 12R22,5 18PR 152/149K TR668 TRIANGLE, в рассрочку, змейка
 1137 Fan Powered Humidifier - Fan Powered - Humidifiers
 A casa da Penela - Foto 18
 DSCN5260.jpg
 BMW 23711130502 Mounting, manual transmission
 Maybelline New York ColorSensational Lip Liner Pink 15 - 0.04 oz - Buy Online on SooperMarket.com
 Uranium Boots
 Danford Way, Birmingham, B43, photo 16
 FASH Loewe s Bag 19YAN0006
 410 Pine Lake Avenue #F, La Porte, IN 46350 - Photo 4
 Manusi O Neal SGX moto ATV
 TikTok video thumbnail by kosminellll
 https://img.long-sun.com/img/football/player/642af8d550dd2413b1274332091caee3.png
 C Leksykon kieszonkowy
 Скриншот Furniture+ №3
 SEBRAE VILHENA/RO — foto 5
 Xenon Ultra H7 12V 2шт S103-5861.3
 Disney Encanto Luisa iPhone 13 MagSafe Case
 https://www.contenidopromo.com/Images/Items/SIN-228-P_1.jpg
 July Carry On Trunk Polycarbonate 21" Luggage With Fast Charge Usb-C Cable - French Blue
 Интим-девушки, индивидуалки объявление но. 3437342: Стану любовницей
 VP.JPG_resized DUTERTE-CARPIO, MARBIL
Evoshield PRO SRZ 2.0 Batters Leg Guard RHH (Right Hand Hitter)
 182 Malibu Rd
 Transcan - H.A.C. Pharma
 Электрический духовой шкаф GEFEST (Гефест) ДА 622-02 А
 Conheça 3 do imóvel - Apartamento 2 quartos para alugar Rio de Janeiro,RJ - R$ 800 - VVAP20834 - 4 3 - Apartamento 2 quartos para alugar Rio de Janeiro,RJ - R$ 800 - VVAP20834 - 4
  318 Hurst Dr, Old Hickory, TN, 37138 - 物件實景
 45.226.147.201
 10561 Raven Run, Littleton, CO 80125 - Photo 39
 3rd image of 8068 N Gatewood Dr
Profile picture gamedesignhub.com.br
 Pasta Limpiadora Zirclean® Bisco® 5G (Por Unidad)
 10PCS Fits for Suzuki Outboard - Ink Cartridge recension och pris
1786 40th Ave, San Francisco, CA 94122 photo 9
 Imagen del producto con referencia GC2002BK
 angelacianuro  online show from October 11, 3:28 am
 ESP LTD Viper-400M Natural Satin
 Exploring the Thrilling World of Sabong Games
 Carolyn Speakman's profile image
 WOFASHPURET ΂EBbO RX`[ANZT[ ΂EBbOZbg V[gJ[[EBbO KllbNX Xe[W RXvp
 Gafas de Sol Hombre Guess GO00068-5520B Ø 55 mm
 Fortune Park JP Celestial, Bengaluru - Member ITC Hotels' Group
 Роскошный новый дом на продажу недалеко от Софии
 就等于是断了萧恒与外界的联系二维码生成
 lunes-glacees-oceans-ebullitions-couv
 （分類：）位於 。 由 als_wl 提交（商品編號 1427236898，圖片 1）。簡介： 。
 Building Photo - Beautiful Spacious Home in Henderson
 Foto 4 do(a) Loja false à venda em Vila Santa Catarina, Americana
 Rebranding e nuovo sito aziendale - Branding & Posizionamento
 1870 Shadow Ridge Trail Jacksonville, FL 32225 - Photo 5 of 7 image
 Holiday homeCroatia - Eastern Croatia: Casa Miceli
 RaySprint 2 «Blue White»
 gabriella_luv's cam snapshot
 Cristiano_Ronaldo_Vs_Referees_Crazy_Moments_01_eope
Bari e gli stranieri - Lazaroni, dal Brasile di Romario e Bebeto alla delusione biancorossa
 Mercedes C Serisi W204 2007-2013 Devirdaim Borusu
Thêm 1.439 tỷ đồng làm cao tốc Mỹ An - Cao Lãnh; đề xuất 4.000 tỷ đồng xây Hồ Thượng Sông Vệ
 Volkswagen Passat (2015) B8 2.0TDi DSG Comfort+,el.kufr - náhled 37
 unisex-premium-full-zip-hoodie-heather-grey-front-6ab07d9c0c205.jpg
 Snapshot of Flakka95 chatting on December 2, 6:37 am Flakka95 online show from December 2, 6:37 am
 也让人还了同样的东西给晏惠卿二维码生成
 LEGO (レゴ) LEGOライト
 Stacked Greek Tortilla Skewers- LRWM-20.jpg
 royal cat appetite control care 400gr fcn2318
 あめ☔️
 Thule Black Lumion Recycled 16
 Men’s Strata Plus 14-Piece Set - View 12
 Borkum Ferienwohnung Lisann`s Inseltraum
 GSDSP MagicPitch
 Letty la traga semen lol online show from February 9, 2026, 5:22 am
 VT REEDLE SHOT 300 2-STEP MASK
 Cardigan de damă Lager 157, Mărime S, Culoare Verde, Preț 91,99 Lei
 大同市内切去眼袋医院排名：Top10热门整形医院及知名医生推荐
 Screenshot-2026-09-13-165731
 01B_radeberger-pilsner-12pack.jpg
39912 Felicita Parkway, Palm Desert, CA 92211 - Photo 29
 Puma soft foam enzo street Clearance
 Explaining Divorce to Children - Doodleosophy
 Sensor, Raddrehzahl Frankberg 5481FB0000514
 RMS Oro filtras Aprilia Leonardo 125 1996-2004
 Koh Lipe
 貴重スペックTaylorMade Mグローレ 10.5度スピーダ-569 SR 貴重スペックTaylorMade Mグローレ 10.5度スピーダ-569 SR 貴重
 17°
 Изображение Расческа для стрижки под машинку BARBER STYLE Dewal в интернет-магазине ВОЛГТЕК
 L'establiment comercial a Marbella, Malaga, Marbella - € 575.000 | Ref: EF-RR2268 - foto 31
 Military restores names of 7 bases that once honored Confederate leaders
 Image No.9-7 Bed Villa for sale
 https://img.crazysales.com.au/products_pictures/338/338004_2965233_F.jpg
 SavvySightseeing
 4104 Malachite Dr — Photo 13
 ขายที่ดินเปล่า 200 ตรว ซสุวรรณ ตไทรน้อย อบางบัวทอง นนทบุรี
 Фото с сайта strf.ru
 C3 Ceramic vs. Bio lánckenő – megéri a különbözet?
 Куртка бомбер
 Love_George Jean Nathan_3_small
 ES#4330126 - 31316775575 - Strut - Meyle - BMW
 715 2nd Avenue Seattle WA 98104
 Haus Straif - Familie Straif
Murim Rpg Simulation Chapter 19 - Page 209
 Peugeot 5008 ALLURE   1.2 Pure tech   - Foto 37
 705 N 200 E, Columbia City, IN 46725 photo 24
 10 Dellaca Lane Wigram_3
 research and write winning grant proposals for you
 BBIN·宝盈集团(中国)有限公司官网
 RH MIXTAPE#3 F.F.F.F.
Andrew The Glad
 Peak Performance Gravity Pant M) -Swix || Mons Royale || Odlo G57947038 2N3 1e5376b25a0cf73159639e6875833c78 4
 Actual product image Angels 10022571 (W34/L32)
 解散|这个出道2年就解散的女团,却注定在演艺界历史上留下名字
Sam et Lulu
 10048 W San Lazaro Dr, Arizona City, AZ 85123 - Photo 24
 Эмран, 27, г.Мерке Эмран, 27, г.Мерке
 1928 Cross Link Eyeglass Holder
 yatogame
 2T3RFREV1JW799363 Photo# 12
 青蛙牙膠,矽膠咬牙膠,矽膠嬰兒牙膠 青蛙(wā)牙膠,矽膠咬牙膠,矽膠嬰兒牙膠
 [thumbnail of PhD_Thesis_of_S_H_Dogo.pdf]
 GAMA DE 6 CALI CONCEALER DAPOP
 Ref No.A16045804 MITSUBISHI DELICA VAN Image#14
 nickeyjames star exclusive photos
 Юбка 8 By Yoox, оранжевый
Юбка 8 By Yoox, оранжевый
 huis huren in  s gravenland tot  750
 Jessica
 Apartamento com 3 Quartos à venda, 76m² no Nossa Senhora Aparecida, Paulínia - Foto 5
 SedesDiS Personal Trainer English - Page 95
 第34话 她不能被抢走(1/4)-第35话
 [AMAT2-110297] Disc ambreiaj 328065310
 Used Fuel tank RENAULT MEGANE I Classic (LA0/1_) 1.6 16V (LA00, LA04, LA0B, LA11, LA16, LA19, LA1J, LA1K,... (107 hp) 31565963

▶ _Assignment_
Return only the stretch of the material above from the line holding "Rebranding e nuovo" through the line holding "Cristiano_Ronaldo_Vs_Referees_Crazy_Moments_01_eope", copied exactly.

▶ _Task output_
 Rebranding e nuovo sito aziendale - Branding & Posizionamento
 1870 Shadow Ridge Trail Jacksonville, FL 32225 - Photo 5 of 7 image
 Holiday homeCroatia - Eastern Croatia: Casa Miceli
 RaySprint 2 «Blue White»
 gabriella_luv's cam snapshot
 Cristiano_Ronaldo_Vs_Referees_Crazy_Moments_01_eope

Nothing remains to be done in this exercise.